Sparkling Wine Session
1-3 June 2023
Bairrada, brimming with vitality and history
The town of Anadia, in Portugal’s Bairrada region, is hosting the sparkling wine session of the Concours Mondial de Bruxelles. Judges will evaluate sparkling wines from across the globe in the Bairrada Wine Museum from 1 to 3 July 2022.
People often forget that Portugal is the European Union’s fifth largest wine producing country. Suffice it to say that the western side of the Iberian Peninsula is home to a treasure trove of absolute gems just waiting to be discovered. Bairrada is a DOC set in the region of Beiras, in central Portugal. It is renowned for its rich, deeply coloured red wines made from the Baga, Castelão, Alfrocheiro, Camarate and Rufete grape varieties.
Beiras is a fairly extensive region, stretching from the Atlantic coast to the border with Spain. It was one of the country’s first regions to adopt and explore sparkling wines, a style that is still popular in the region. The cool, damp climate promotes production of this particular style, providing grapes that have high acidities and low alcohol.
The region’s defining features
Bairrada is located in the western, coastal half of Beiras and its climate is temperate. Its proximity to the sea lends it a typically Atlantic climate, with mild, wet winters and hot, albeit slightly windy, summers.

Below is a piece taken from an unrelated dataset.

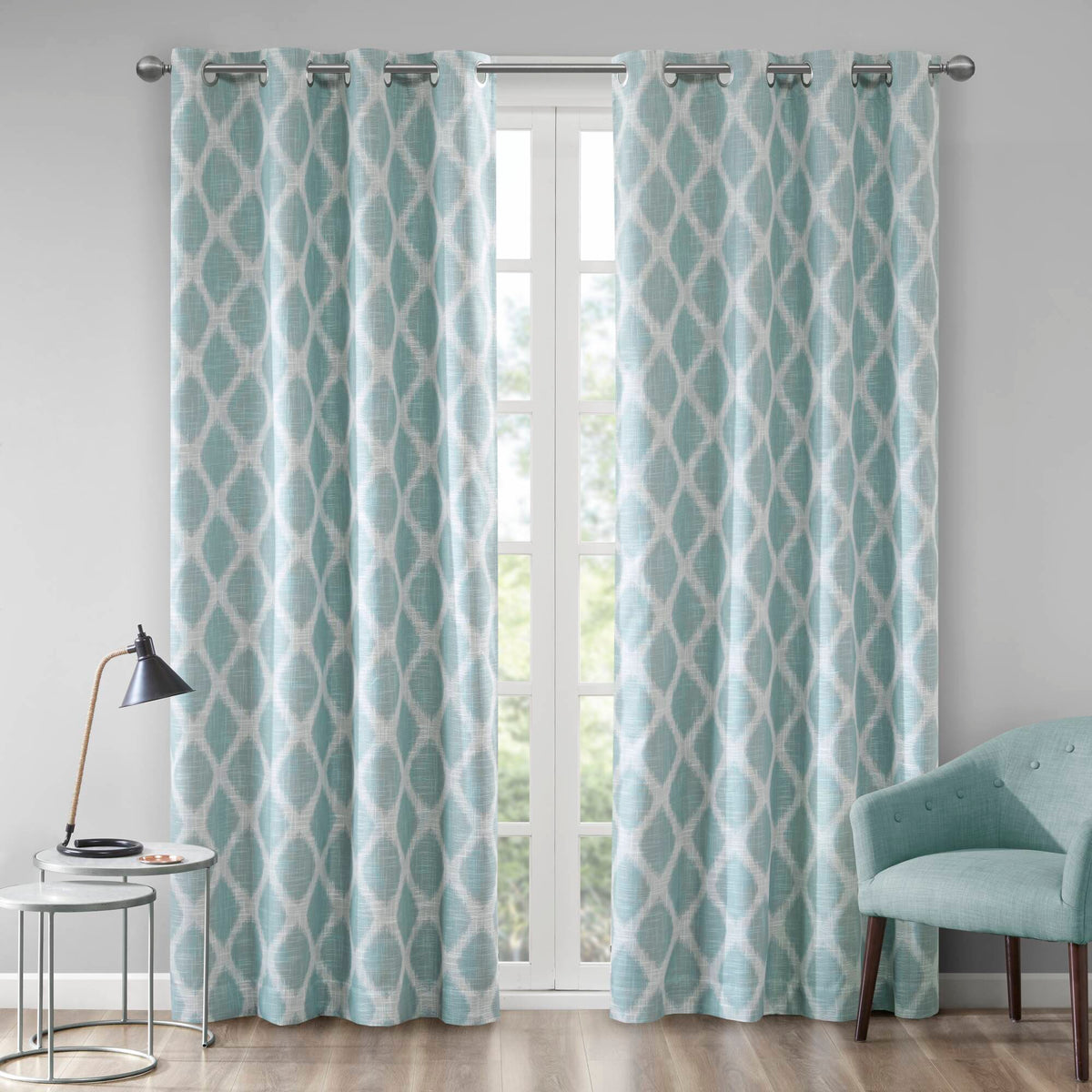 Blakesly Printed Ikat Blackout Curtain Panel - Aqua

Over the summer, there is a 20°C difference in day and night time temperatures in the region. The sea breezes hit the Caramulo mountains where they rapidly cool before dropping down over the vineyards.
The river Certima supplies water to the region from North to South. All of these factors combine to make this a cool-climate region, which is fairly uncommon in Southern Europe. The local vineyards are very fragmented, with different micro-climates in each valley. This combination of elements is responsible for maintaining high acidity in the grapes, lending freshness to the resultant wines. In terms of soil profile, most of the vineyards in Bairrada have limestone-rich clayey soils (‘barro’ means clay in Portuguese). The soil type continues eastwards to the Dão wine region, home to some of Portugal’s most highly prized vineyards. Bairrada has 2,400 wine producers.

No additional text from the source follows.